We could see a pattern similar to this (above) with the “blocking” making it easier for cold air in Canada to “ride the jet” down into the Great Lakes area. Still too early to go with this…but just wanted you to know that this is on the table and that I’m already starting to look ahead at weather for the fall and winter.
In the meantime, look for high temperatures near average – in the low 80s through midweek, then into the mid 80s for Friday and Saturday. The best chance of rain this week is today…with dry conditions prevailing from Tuesday into the weekend.
The high temperature was 90° at Kalamazoo on Sunday, the 10th time this month (and this year) that the temperature has reached 90° in Kalamazoo. Battle Creek also made it to 90° – that’s their 9th 90-deg. temperature of the month and year. Grand Rapids has climbed to 90° seven times this month (five days of 90°, one 91° and one 92°.

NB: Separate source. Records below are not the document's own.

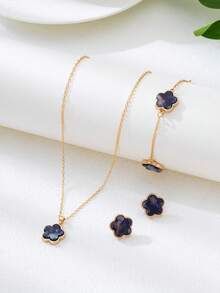 4pcs/Set Fashion Black Flower Decor Jewelry Set For Women For Daily Decoration Valentine's Day Gift Valentines,Mom,Mother,Mother's Day,Gift - Ink Black High-end Clover Jewelry - View 2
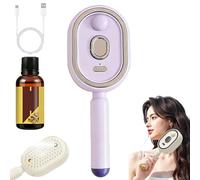 Cepillo de vapor eléctrico, peine de vapor eléctrico 3 en 1 para mujeres, alisador de pelo de vapor recargable con spray, peine de masaje desenredante anti encrespamiento (Purple)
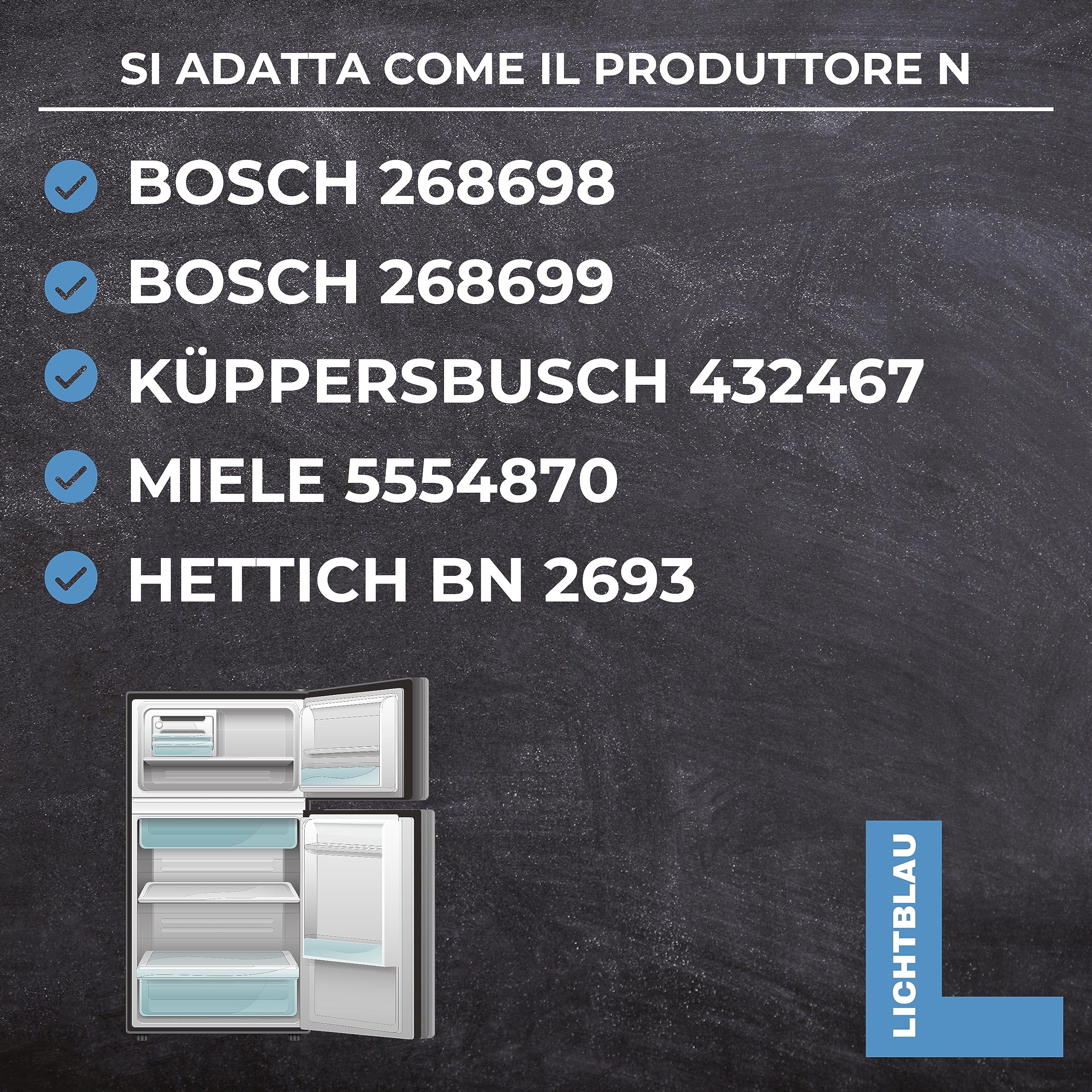 Lichtblau Set cerniere sportello frigo 3 pz. 268698, 00268698, 268699, 00268699 per Bosch, Siemens I Set cerniere sopra e sotto per sportello frigo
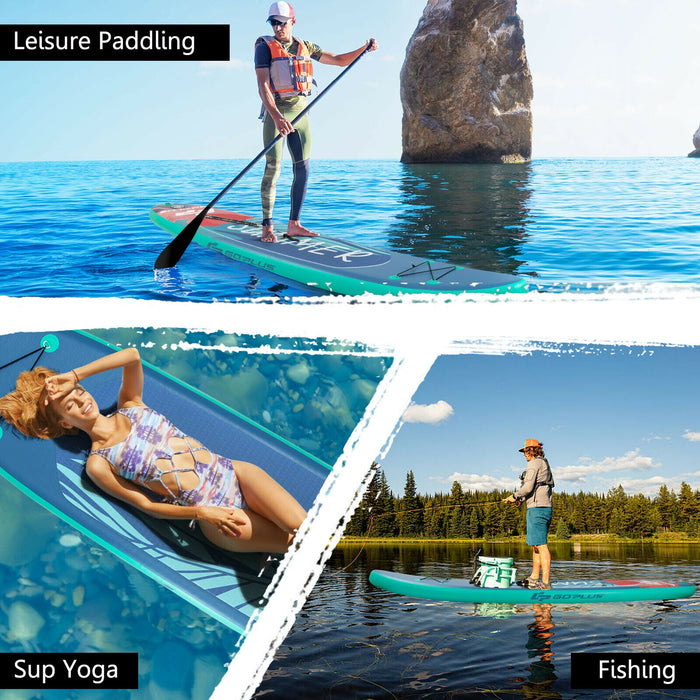 10 Feet Inflatable Stand Up Paddle Board with Backpack Leash Aluminum Paddle-L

The days are getting shorter. We are losing around 2 minutes of daylight each day now. As of today, we have lost 44 minutes of daylight since the Summer Solstice back on June 21.
The month of July so far has been 3.2° warmer than average with 72% of possible sunshine. So, this is going to be the first warmer-than-average and sunnier-than-average month of 2019.
River levels are coming down. but are mostly still above average flow. The Grand River at Ionia is flowing at 1,000 cubic feet per second – average is 704 cfs. The St. Joseph River at Niles is at 3,670 cfs – average is 2060 cfs. The Muskegon River at Croton is at 1,320 cfs – average is 2,060 cfs.
Look for a thin crescent moon before sunrise with the bright planet Jupiter gracing our southern sky overnight. Not-as-bright Saturn is to the left of Jupiter after dusk. Venus and Mars are lost in the glare of the sun right now. Here’s a list of times when you can see the Intl. Space Station fly over West Michigan.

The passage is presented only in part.